Scandinavia looms large in the Middle Ages as the home of the teeming multitudes of emigrants, Goths and Vandals, who swarmed over the Roman Empire. Later waves from Denmark and the contiguous portion of Germany flooded England first in the Anglo-Saxon conquest and then in the Danish. The Normans, too, originally hailed from Scandinavia. But though the sons of the North conquered and colonized so much of the South, Scandinavia herself remained a small people, neither politically nor intellectually of the first importance. The three kingdoms of Denmark, Norway, and Sweden became one in 1397; and, after Sweden's temporary separation from the other two, were again united. The fifteenth century saw the {136} great aggrandizement of the power of the prelates and of the larger nobles at the expense of the bönder, who, from a class of free and noble small proprietors degenerated not only into peasants but often into serfs. [Sidenote: 1513] When Christian II succeeded to the throne, it was as the papal champion. His attempt to consolidate his power in Sweden by massacring the magnates under the pretext that they were hostile to the pope, [Sidenote: November 8-11, 1520] an act called the "Stockholm bath of blood," aroused the people against him in a war of independence.
[Sidenote: Denmark]
Christian found Denmark also insubordinate. It is true that he made some just laws, protecting the people and building up their prosperity, but their support was insufficient to counterbalance the hatred of the great lords spiritual and temporal. He was quick to see in the Reformation a weapon against the prelates, and appealed for help to Wittenberg as early as 1519. His endeavors throughout 1520 to get Luther himself to visit Denmark failed, but early in 1521 he succeeded in attracting Carlstadt for a short visit. This effort, however, cost him his throne, for he was expelled on April 13, 1523, and wandered over Europe in exile until his death. [Sidenote: 1559]

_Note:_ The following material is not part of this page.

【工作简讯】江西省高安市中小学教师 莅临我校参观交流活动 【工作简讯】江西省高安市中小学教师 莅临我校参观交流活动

The Duke of Schleswig-Holstein, to whom the crown was offered, reigned for ten years as Frederic I. Though his coronation oath bound him to do nothing against the church, he had only been king for three years before he came out openly for the Reformation. In this again we must see primarily a policy, rather than a conviction. He was supported, however, by the common people, who had been disgusted by the indulgences sold by Arcimboldi [Sidenote: 1516-19] and by the constant corruption of the higher clergy. The cities, as in Germany, were the strongest centers of the movement. The Diet of 1527 decreed that Lutherans should be recognized on equal terms with Catholics, that marriage of priests {137} and the regular clergy be allowed. In 1530 a Lutheran confession was adopted.
Christian III, who reigned until 1559, took the final step, though at the price of a civil war. His victory enabled him to arrest all the bishops, August 20, 1536, and to force them to renounce their rights and properties in favor of the crown. Only one, Bishop Rönnow of Roskilde, refused, and was consequently held prisoner until his death. The Diet of 1536 abolished Catholicism, confiscated all church property and distributed it between the king and the temporal nobles. Bugenhagen was called from Wittenberg to organize the church on Lutheran lines. [Sidenote: 1537-9] In the immediately following years the Catholics were deprived of their civil rights. The political benefits of the Reformation inured primarily to the king and secondarily to the third estate.